Notes on "Efficient Natural Language Response Suggestion for Smart Reply" by Henderson et al.

Previously: One-Paragraph Reviews, Vol. I

I didn’t manage to stick to the one-paragraph format this time. I’m trying to write down:

everything that was novel and notable to me when reading the paper
as concisely as possible

… but (1) can be a lot of stuff because the things I’m reading about are generally things on which I’m not an expert! I’ll try moving stuff that isn’t related to the main point into footnotes to cheat. If the trend continues, though, I’ll have to think of how to make things more concise…

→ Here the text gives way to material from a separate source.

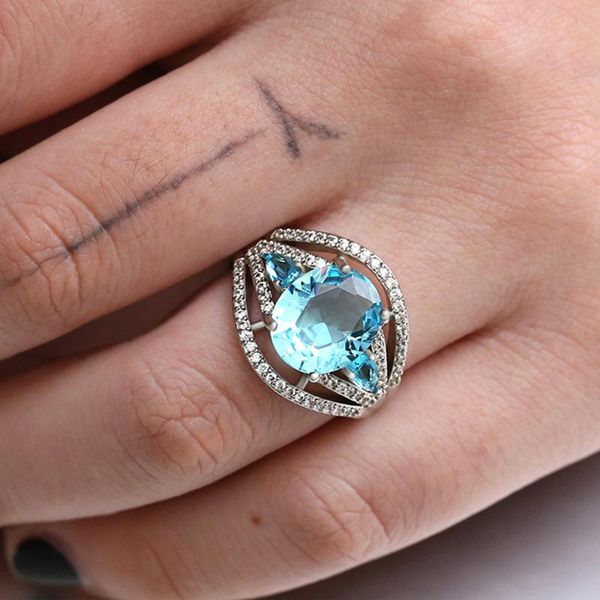 wedding rings luxury silver plated oval cut sea blue gems crystal ring bridal engagement anniversary gift for women lover's gifts, Slivery;golden
wedding rings luxury silver plated oval cut sea blue gems crystal ring bridal engagement anniversary gift for women lover's gifts, Slivery;golden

“Efficient Natural Language Response Suggestion for Smart Reply” is a paper by Matthew Henderson, Rami Al-Rfou, Brian Strope, Yun-hsuan Sung, Laszlo Lukacs, Ruiqi Guo, Sanjiv Kumar, Balint Miklos, and Ray Kurzweil (2017) on the algorithm behind Google’s pre-LLM¹ “Smart Reply” feature, which suggests short replies like “I think it’s fine” or “It needs some work.”

The authors train a model composed of two neural network “towers”, one for the input email and one for the reply: each takes a vector representing an email, encoded as the sum² of the n-gram embeddings of its words. The model learns to computes two vectors, $h_x$ for input emails and $h_y$ for response emails, such that $P(y|x) = h_x \cdot h_y$ is the probability that an email $y$ is the reply to an email $x$.

There are a few post-processing steps:

adding $\alpha \log P_{\text{LM}}(y)$ to the score, where $\alpha$ is an arbitrary constant and $P_{\text{LM}}$ is computed by a language model, because the learned score $h_x \cdot h_y$ is biased towards “specific and long responses instead of short and generic ones;”
a “diversification” stage where responses are clustered, to “omit redundant suggestions… and ensure a negative suggestion is given if the other two are affirmative and vice-versa”; and
instead of computing full dot products when searching for appropriate response emails, computing smaller quantized³ dot products.

These days, you might use someone else’s text embedding model for $h_x$ and $h_y$, but you’d still need the post-processing steps; you would also need some transformation from input vectors to reply vectors so that $h_x \cdot h_y$ represents “$h_y$ is a reply to $h_x$” rather than just “$h_y$ is similar to $h_x$.” I wonder if LLMs might become cheap enough that $P_{\text{LM}}$ becomes all you need, similar to how spellchecking used to be an engineering feat but is now “3-5 lines of Python.”

Seq2Seq, the direct ancestor of the current generation of GPT-style LLMs, already existed at the time, but the authors wanted something more efficient.

C.f. the sinusoidal or learned positional encoding used in many current models. Sinusoidal positional encodings have a vaguely geometric interpretation: a word/token at a given position in a sentence is the token’s embedding vector with a translation applied, such that the distance between the translation applied to tokens at two positions is “symmetrical and decays nicely with time”.

They learn a “hierarchical quantization” for each vector such that $h_y \approx \text{VQ}(h_y) + \text{R}^T \text{PQ}(r_y)$, where $\text{VQ}$ is a vector quantization, $\text{R}$ is a rotation, and $\text{PQ}$ is a product quantization (the Cartesian product of $\mathcal K$ independent vector quantizers). Vector quantization just means expressing a $a$-dimensional vector as a linear combination of $b$ other vectors (the “codebook”); compression comes from $b < a$. It feels vaguely reminiscent of $k$-means, which predicts the output for a given input using the $k$ nearest input vectors.